Felizmente, parte da população parece estar mais consciente. Após crescimento nas edições anteriores, as inscrições para o próximo Carnaval paulistano caíram 9,68%, com 867 solicitações de desfiles para 2022, ante as 960 de 2020. Segundo relatos e reportagens, parte dos blocos se inscreveu com hesitação e decidirá se desfilará de fato apenas mais próximo da data. O número de desfiles realizados em comparação aos inscritos também costuma cair até o Carnaval, por motivos relacionados a patrocínio, organização e outros. Em 2020, por exemplo, mais de 30% desistiu até quatro dias antes do início da programação. Dos 960 desfiles inscritos naquele ano, 670 foram realizados. As inscrições também caíram no Rio de Janeiro, de 731 para 620, uma redução de 15,18%.
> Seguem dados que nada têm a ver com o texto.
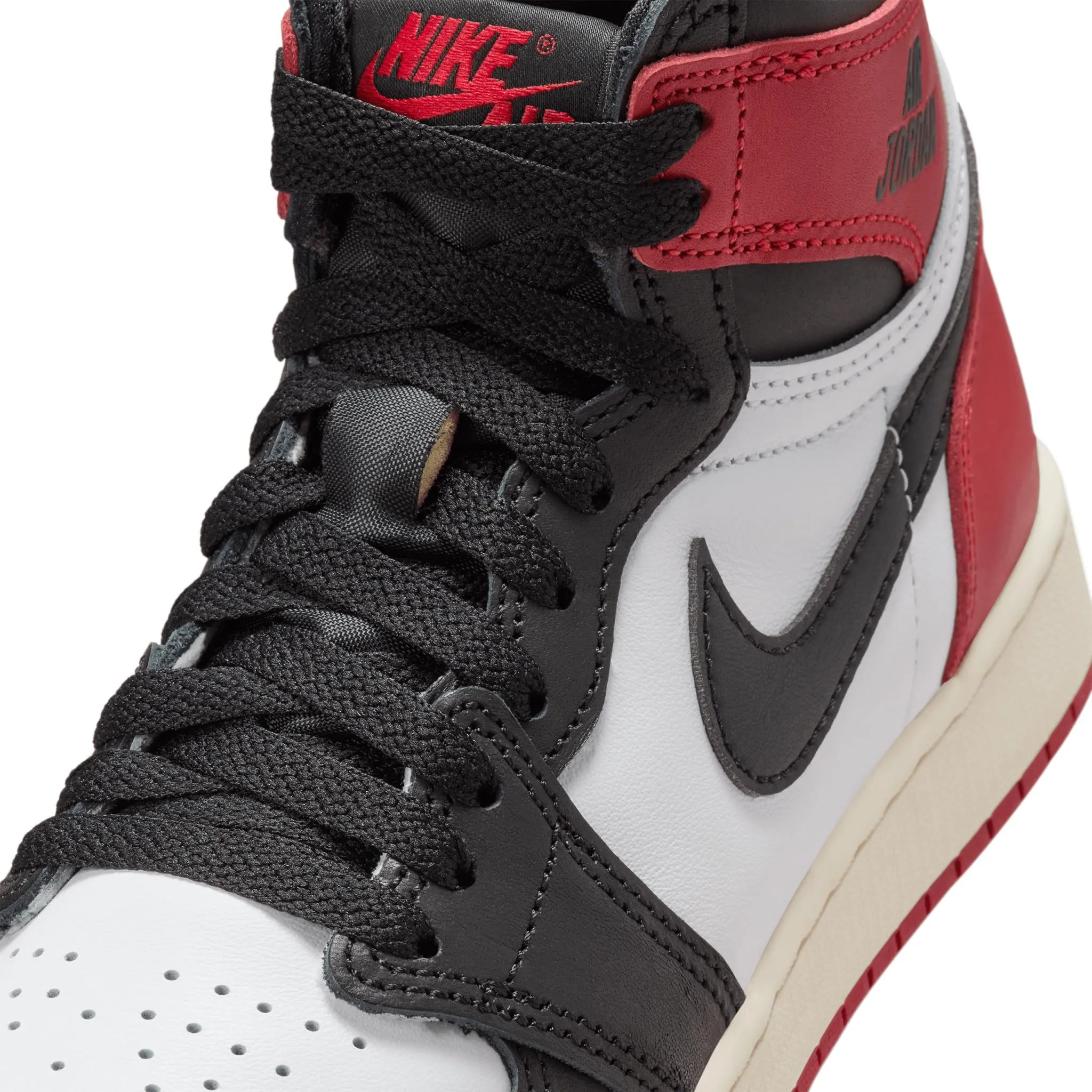 Air Jordan 1 Retro High OG GS White/Black-Varsity Red-Sail FD1437-106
Outro tema diz respeito aos deslocamentos. Uma pesquisa do Observatório do Turismo, feita em 2020, apontou que o público majoritariamente utiliza transporte coletivo para ir aos desfiles, principalmente ônibus ou trem (51,4%). Durante a programação, são frequentes casos de estações e veículos com alta lotação. Ou seja, as aglomerações são praticamente uma certeza. Em coletiva mês passado, a Prefeitura de São Paulo mostrou ter desenvolvido um cálculo para estimar a capacidade e a quantidade de público dos desfiles, com a classificação da aglomeração em cinco níveis (o mais alto é de seis pessoas por metro quadrado). Estes dados serão utilizados exclusivamente para o planejamento de infraestrutura.

O maior cuidado, porém, deve ser justamente por conta da pandemia. Se tantas atividades foram proibidas ou canceladas por causa do vírus, por que o Carnaval precisa ser realizado em sua plenitude? A cautela é irmã da inteligência, e aprendeu tudo com a sabedoria. Sejam sábios no Carnaval.